The proportion of young people using any illicit drug has been rising over the past three years, due largely to increased use of marijuana—the most widely used of all the illicit drugs.
Taking heroin using a needle did show a small but statistically significant increase in 2010, but only among 12th graders and without any concurrent changes in perceived risk, disapproval, or availability. "Because the prevalence rates for heroin use are so low in this population, it doesn't take a lot of cases to yield a significant change," said Lloyd Johnston, principal investigator of the study, "so we are not yet ready to say that this is a real change. If it is real, it would be important; but we will want to see another year's data before being confident that it is."

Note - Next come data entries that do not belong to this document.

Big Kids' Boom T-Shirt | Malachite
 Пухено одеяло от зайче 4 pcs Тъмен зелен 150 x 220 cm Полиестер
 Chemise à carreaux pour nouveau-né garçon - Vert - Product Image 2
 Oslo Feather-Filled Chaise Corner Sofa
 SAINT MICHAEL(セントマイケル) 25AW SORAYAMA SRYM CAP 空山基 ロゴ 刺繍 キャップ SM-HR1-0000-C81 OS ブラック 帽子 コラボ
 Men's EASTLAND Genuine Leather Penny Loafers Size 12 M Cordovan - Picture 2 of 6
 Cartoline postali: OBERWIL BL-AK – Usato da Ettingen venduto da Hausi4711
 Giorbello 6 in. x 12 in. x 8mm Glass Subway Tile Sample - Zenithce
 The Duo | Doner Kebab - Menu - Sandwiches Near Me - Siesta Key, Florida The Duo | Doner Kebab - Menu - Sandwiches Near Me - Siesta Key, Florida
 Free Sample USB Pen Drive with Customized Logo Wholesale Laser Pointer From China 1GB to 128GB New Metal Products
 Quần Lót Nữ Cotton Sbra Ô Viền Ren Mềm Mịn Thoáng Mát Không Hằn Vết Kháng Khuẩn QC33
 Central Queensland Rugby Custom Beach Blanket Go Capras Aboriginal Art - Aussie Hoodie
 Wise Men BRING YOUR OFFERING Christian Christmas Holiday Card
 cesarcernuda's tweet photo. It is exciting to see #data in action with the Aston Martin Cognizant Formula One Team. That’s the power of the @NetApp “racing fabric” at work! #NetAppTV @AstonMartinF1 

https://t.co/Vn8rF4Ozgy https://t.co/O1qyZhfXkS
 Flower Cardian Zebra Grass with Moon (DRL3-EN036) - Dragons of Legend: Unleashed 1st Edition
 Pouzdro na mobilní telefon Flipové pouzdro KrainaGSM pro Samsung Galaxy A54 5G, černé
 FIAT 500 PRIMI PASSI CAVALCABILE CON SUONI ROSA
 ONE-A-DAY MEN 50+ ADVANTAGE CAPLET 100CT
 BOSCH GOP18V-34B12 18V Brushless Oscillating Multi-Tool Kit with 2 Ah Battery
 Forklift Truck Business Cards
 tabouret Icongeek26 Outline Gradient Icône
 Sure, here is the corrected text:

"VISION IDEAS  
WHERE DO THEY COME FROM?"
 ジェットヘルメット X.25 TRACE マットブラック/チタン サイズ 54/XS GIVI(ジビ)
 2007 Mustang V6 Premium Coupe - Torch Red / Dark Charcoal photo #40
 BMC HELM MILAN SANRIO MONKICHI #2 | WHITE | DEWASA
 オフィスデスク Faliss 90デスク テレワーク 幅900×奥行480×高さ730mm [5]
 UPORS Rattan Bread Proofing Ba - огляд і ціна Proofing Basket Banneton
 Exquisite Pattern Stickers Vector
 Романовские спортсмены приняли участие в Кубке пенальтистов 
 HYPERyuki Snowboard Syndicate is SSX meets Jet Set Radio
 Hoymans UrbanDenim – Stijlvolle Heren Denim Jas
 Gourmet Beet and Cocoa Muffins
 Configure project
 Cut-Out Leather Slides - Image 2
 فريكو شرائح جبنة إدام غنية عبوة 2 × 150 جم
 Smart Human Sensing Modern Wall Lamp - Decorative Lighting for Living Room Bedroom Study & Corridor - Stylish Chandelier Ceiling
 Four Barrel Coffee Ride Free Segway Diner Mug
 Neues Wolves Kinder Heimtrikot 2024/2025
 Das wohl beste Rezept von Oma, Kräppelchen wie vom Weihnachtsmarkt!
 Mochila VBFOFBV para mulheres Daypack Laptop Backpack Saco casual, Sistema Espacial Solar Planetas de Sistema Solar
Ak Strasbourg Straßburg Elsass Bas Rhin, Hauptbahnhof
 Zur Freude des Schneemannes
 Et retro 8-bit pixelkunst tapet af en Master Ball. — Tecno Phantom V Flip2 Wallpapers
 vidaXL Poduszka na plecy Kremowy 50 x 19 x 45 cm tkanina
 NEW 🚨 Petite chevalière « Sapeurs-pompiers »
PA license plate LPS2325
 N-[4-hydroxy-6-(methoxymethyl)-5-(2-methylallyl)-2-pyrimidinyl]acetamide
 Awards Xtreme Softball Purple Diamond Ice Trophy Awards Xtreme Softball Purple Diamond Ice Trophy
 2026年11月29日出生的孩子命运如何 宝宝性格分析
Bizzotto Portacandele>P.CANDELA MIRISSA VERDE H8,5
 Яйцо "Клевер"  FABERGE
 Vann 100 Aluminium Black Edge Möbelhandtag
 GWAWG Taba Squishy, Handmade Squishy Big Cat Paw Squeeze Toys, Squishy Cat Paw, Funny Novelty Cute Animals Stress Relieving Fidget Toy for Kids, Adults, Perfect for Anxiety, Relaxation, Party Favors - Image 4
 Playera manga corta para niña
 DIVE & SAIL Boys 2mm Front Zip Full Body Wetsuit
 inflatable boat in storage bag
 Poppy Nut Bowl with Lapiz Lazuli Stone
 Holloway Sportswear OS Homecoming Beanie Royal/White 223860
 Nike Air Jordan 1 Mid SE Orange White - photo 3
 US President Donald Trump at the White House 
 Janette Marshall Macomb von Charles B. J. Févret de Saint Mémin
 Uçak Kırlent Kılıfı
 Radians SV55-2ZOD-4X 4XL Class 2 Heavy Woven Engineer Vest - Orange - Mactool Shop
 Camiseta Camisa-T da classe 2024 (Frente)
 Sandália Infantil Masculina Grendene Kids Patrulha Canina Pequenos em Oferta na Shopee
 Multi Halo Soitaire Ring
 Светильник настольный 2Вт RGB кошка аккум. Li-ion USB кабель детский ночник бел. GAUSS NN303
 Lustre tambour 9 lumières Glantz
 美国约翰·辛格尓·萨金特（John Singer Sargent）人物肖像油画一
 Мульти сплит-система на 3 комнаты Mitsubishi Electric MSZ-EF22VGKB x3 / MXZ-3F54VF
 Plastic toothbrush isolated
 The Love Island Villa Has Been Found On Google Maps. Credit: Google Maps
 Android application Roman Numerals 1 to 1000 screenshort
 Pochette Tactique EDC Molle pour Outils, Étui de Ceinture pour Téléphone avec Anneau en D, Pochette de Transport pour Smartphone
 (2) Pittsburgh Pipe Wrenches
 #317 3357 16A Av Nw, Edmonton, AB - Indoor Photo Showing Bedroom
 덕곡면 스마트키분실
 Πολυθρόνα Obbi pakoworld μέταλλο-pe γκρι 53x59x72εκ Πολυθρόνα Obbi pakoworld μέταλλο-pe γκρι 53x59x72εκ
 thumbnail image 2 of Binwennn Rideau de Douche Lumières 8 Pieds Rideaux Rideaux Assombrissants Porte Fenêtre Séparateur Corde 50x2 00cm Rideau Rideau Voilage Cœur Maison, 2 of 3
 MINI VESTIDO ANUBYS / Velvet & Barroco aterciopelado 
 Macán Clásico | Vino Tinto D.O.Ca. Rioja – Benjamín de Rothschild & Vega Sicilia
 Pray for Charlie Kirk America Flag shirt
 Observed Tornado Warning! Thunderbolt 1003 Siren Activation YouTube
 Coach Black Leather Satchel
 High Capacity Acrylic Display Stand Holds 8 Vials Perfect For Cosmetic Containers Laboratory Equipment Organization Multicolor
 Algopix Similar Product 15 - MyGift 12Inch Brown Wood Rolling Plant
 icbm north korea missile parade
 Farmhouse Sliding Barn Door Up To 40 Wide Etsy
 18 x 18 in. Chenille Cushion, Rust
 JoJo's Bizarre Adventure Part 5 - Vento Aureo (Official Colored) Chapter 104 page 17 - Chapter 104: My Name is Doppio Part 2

The use of a class of drugs consisting of narcotics other than heroin nearly tripled from 1992 through 2004, from an annual prevalence of 3.3% in 1992 among 12th graders (the only ones for whom these drugs are reported) to 9.5% in 2004. Use then remained level through 2009, showing a non-significant drop of 0.5 percentage points in 2010. Most of the drugs in this important class of addictive substances are analgesics (taken for pain), and two of the most important are Vicodin and OxyContin.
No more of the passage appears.